On 2012-07-07 03:12, Jonathan M Davis wrote:

Now, the issue of a "strong, dependable formalization of D's syntax" is
another thing entirely. Porting dmd's lexer and parser to Phobos would keep
the Phobos implementation in line with dmd much more easily and avoid
inconsistencies in the language definition and the like. However, if we write a
new lexer and parser specifically for Phobos which _doesn't_ port the lexer or
parser from dmd, then that _would_ help drive making the spec match the
compiler (or vice versa). So, I agree that could be a definite argument for
writing a lexer and parser from scratch rather than porting the one from dmd,
but I don't buy the bit about it smothering parser generators at all.

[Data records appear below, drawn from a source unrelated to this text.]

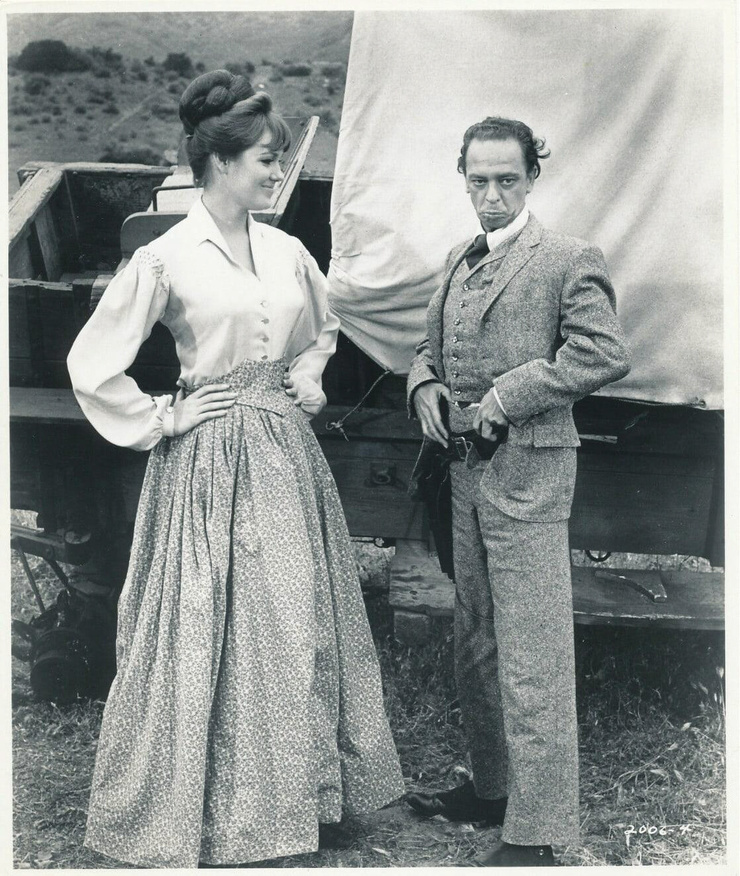 Don Knotts Don Knotts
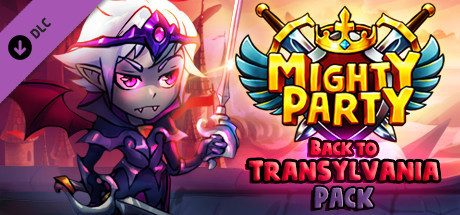 Mighty Party: Back to Transylvania (DLC) Steam, DLC, Mighty party, Giveawayaoftheday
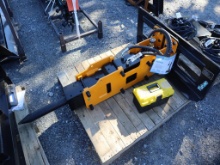 Future Skid Steer Breaker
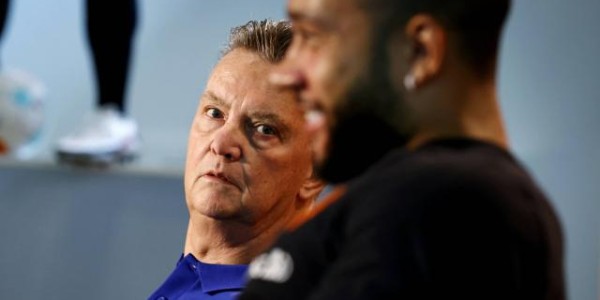 乐鱼在线登录-【观察】荷兰彻底扭转风评 复出的范加尔做了什么？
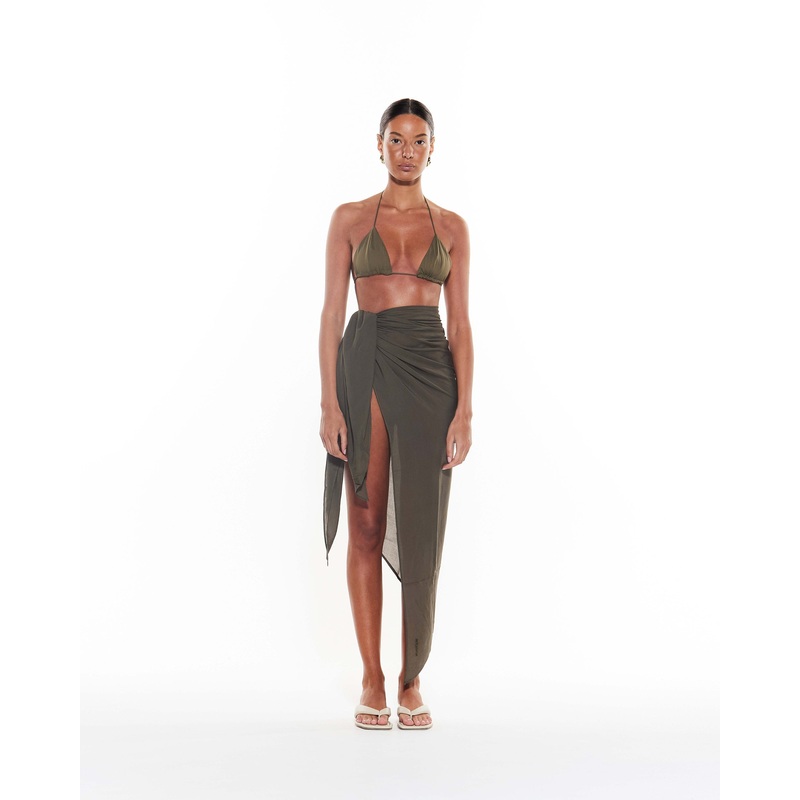 Leon Sarong | Army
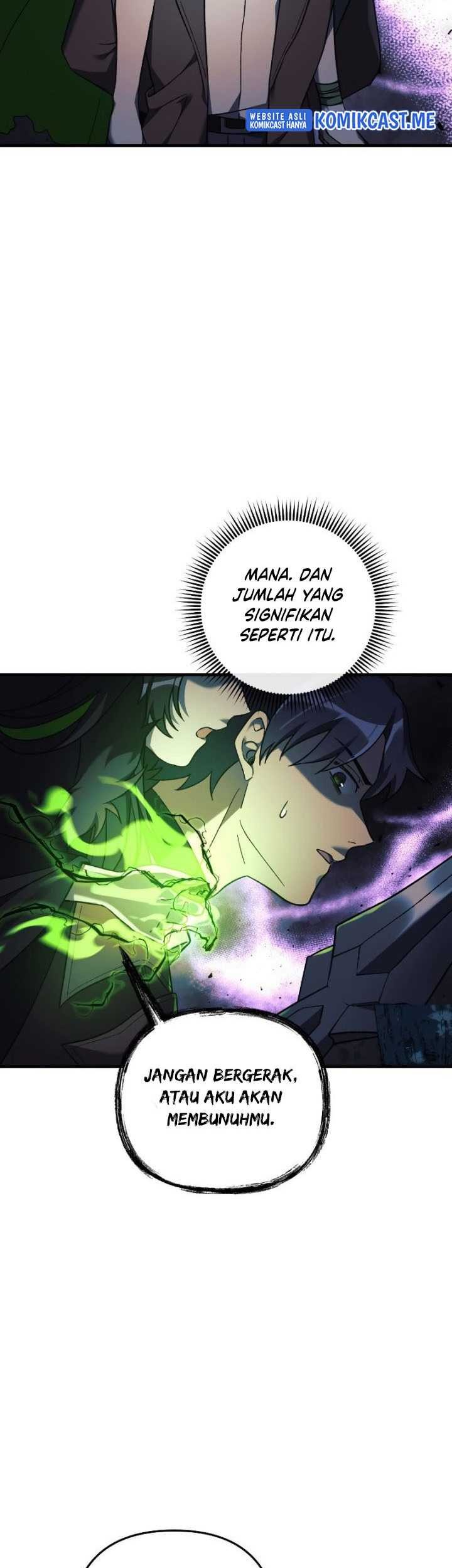 My Daughter Is the Final Boss Chapter 43 - halaman 44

I think
that the use cases are completely different.

I think the whole point of having a compiler as a library is that the compiler should use the library as well. Otherwise the two will get out of sync.

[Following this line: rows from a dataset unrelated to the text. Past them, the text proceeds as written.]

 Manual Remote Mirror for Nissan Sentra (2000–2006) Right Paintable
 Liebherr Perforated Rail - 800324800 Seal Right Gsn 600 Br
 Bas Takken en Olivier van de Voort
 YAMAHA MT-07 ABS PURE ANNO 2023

Just look at Clang, LLVM, LLDB and Xcode, they took the correct approach. Clang and LLVM (and I think LLDB) are available as libraries. Then the compiler, debugger (lldb) and IDE uses these libraries as part of their implementation. They don't have their own implementation that is similar to the libraries, making it "easy" to stay in sync. They _use_ the libraries as libraries.

This is what DMD and Phobos should do as well. If it's too complicated to port the lexer/parser to D then it would be better, at least as a first step, to modify DMD as needed. Create a C API for DMD and then create D bindings to be put into Phobos.